Investments are also required at the supply chain end and logistics. Though FDI is allowed in this area (51% in single brand retailing and 100% in cash and carry wholesale), the incentive structures are not in place and the operational hassles are too many.

Key challenges in costs are managing rental costs, employee costs and sourcing costs. Changes have been noticed in the rental structure from fixed to fixed plus variable to variable structure .When it comes to employees, it is more of cost of quality (trained) and committed manpower. Sourcing and merchandising have undergone substantial change. It is more integrated now and new metrics such as contribution per sft, attempts to integrate sourcing, merchandising and inventory turnover are being attempted.

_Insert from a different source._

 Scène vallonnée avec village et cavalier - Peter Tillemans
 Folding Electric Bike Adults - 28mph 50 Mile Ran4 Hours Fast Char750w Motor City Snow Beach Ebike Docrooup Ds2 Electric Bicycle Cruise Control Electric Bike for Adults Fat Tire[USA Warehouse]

On the external cost front, reforms in agricultural marketing systems could greatly simplify procedures and compliance requirement and thereby costs. In the same fashion, introduction of GST at both state as well as central level and doing away with a plethora of other taxes would not only simplify but also lead to cost savings through set-off (estimated conservatively at 0.5% of the sales)

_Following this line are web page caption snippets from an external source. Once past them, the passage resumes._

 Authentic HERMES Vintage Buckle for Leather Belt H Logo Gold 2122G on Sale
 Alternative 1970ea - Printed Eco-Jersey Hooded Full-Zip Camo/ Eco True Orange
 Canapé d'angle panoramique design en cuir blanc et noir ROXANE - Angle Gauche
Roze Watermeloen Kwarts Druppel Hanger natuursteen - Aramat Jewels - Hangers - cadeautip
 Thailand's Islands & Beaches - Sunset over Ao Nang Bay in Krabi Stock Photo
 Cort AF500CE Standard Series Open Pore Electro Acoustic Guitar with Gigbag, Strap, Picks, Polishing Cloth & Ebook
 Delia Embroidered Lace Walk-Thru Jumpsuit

On revenue front, some retailers have opined that doing away with the Maximum Retail Price(MRP) restrictions could enable retailers to differentiate their products and services through correct pricing. Again, it is regulatory and outside the control of the industry.

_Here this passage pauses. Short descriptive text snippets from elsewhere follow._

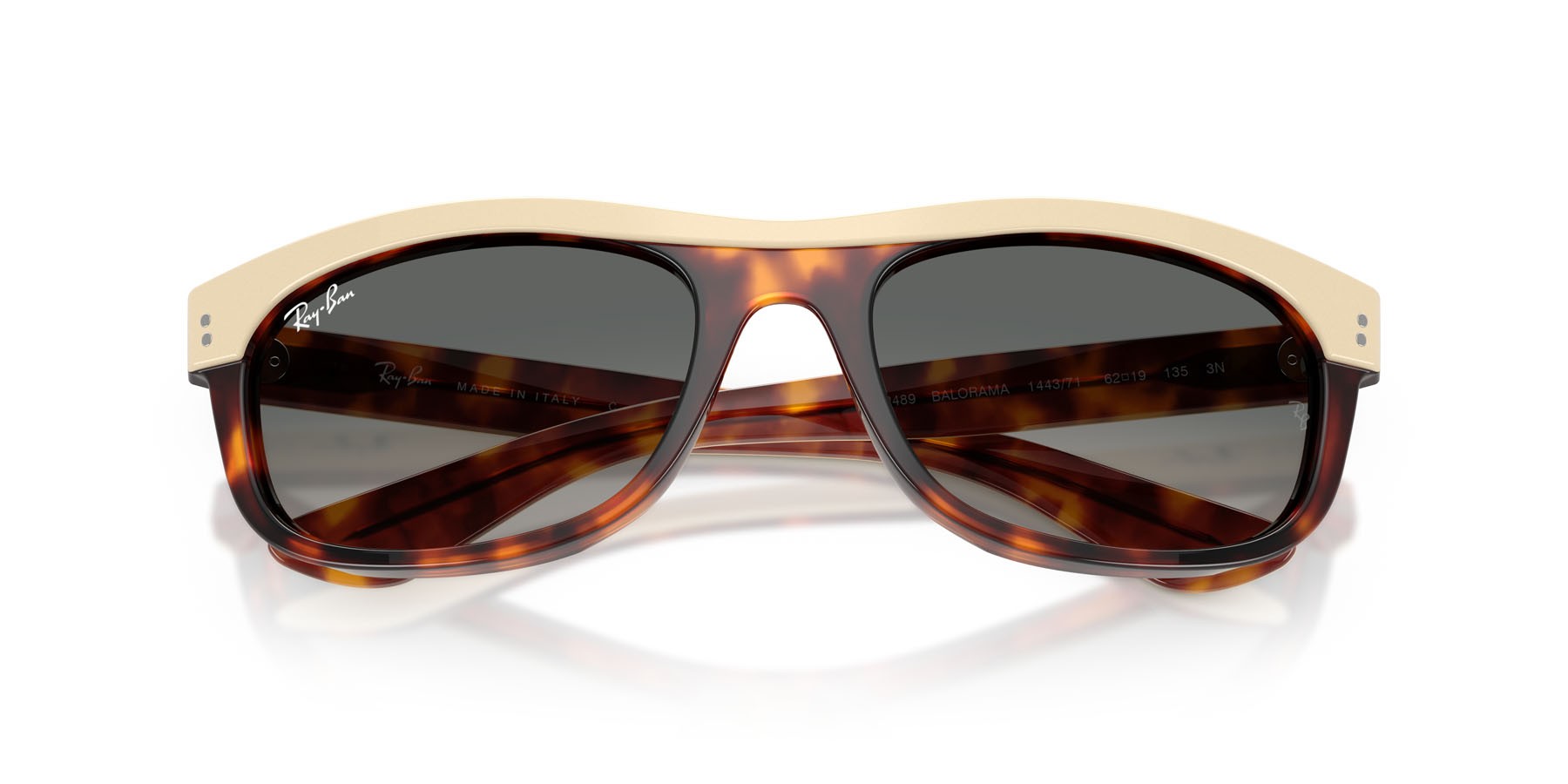 Sonnenbrillen Ray-Ban Balorama RB 2489 (144371) farbe havana beige form rechteckig gläser grigio sfumato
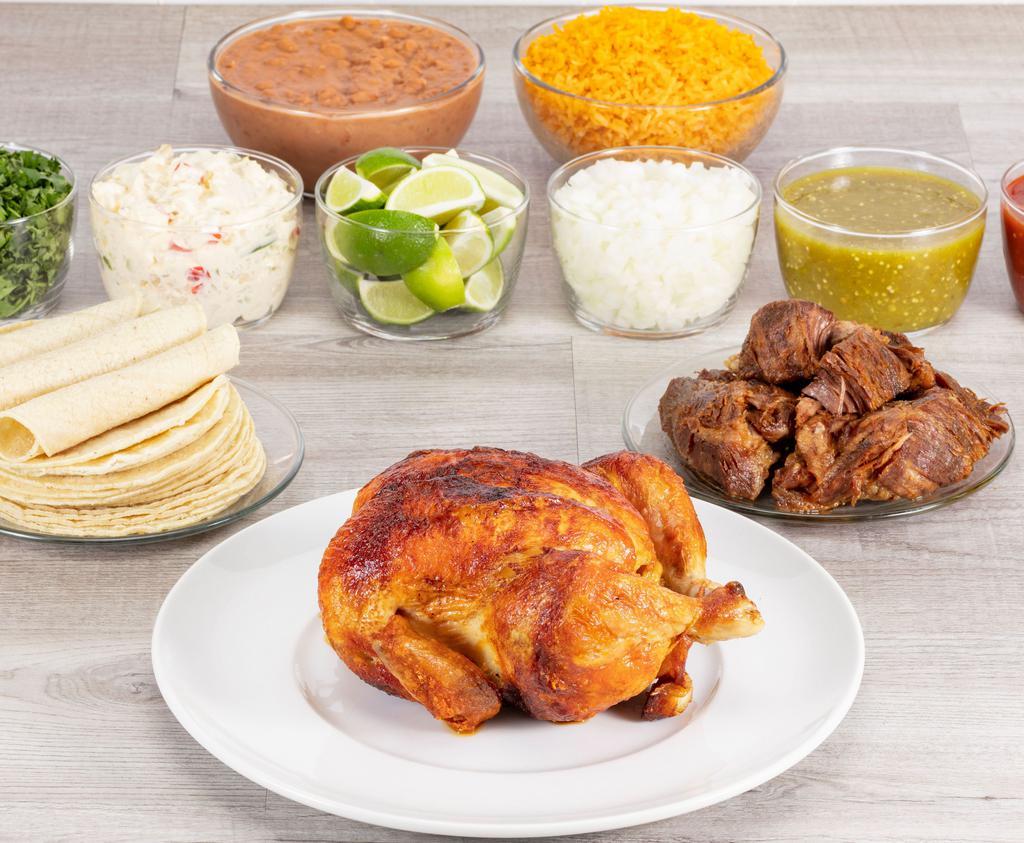 Fiesta Combo · 1 whole rotisserie or grilled chicken. 1 Lb. of pork carnitas. Served with rice, re-fried or whole beans, potato salad, green or red salsa, limes, onions, cilantro & tortillas. Serves 6 to 8 people.
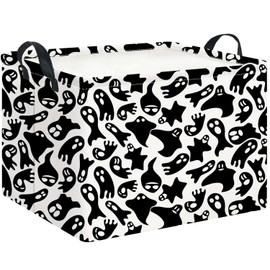 HKEC Rectangle Storage Basket with Handles,Collapsible Storage Bin,Books Box,Gift Basket(Ghost Basket)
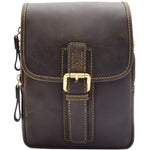 Mens Trendy Smart Crossbody Bag Genuine Leather Messenger Lucas Brown 5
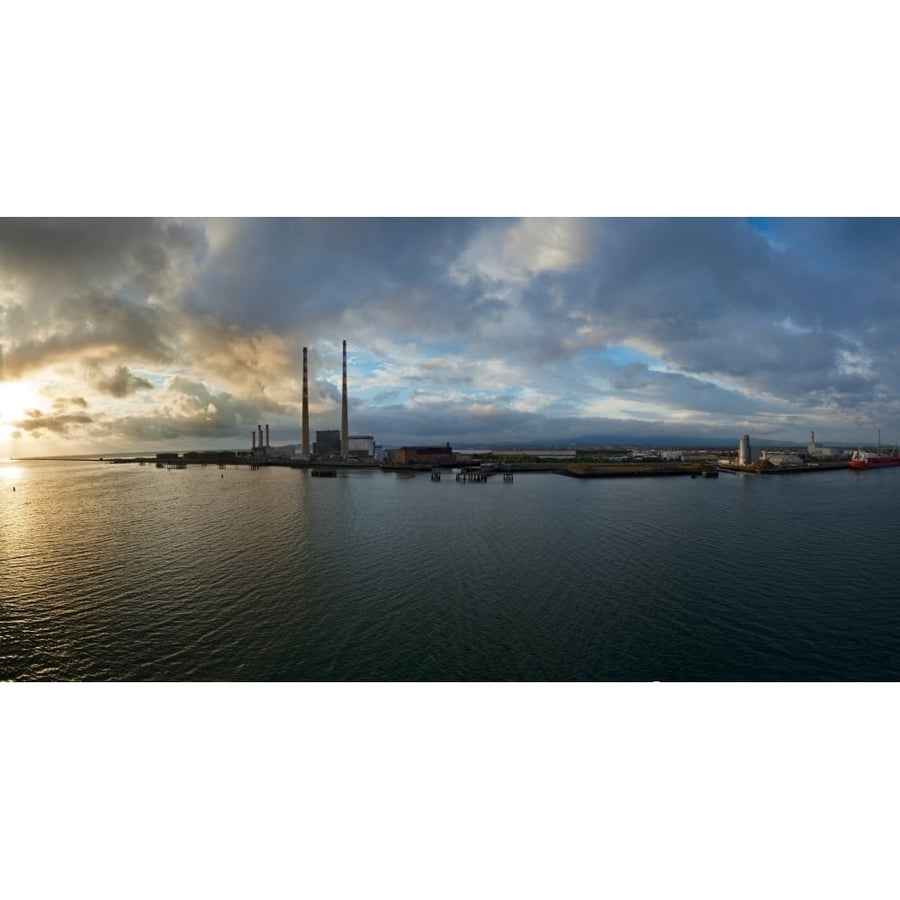 Silhouette of chimneys of the Poolbeg Generating Station at dawn River Liffey Image 1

9. Credit requirement, availability, affordability and risk perception

The lending decision of the banking institutions to organised food retailers has been based on the strength of the group (parent company) and not on the project. The bankers admit that the metric for performance evaluation for organised retail is still not in place. Thus, quantification of risk and pricing is still not practiced on a stand-alone basis.

Banks and institutions are however comfortable with lending against stocks, collaterals and other tangible assets whose value can be reasonably assessed.

In terms of risk perception, bankers are relatively more comfortable with unorganised retailers as their requirement on a single store basis can be objectively assessed. Besides, size of exposure is also small. However, cash dealing and lack of maintenance of books of accounts are major irritants that come in the way of lending.

Access to informal credit and own fund is the norm in unorganised retail, while sourcing equity through the parent company and debt from banks is the usual practice observed in the organised food retailers.

Debt is not the preferred source of fund given the thin operating margin and unpredictably in demand and sales. Despite this, some of the national level retailers are heavily leveraged.

10. Challenge to growth – supply chain

It is observed in the survey that direct procurement of fruits and vegetables by organised food retailers from farmers has not only resulted in farmer realizing better share of consumer spending but also has reduced cost to the consumers. However, certain pre-requisites are needed to make such models work. (1) Organizing farmers into clusters or groups to aggregate produce, bring in scale effect and increase bargaining power; (2) Basic infrastructure at the place of produce for grading, sorting and cleaning; (3) Organised retailer who has the required scale of operation to lift the quantities offered for sale.

This involves engagement of stakeholders, a sponsor (typically government agency) and creation of public infrastructure at rural level to be managed by the beneficiary.

11. Challenge- are organised food retailers responsible for high gap between wholesale and retail prices?

When it comes to groceries other than staples, local sourcing from the nearby wholesale market is adopted by every retailer. All such products suffer a mark-up of 25 – 30%, so as to absorb the cost structure. Thus, in many sub-categories, the price levels of organised retailers are much above unorganised retailers and more than the wholesale prices by as much as 25 – 30%. This could trigger an unsuspecting debate. Though organised retailers have a small share in the overall food retailing, price set by some organised retailers are taken as benchmark by not only other organised food retailers but also unorganised retailers.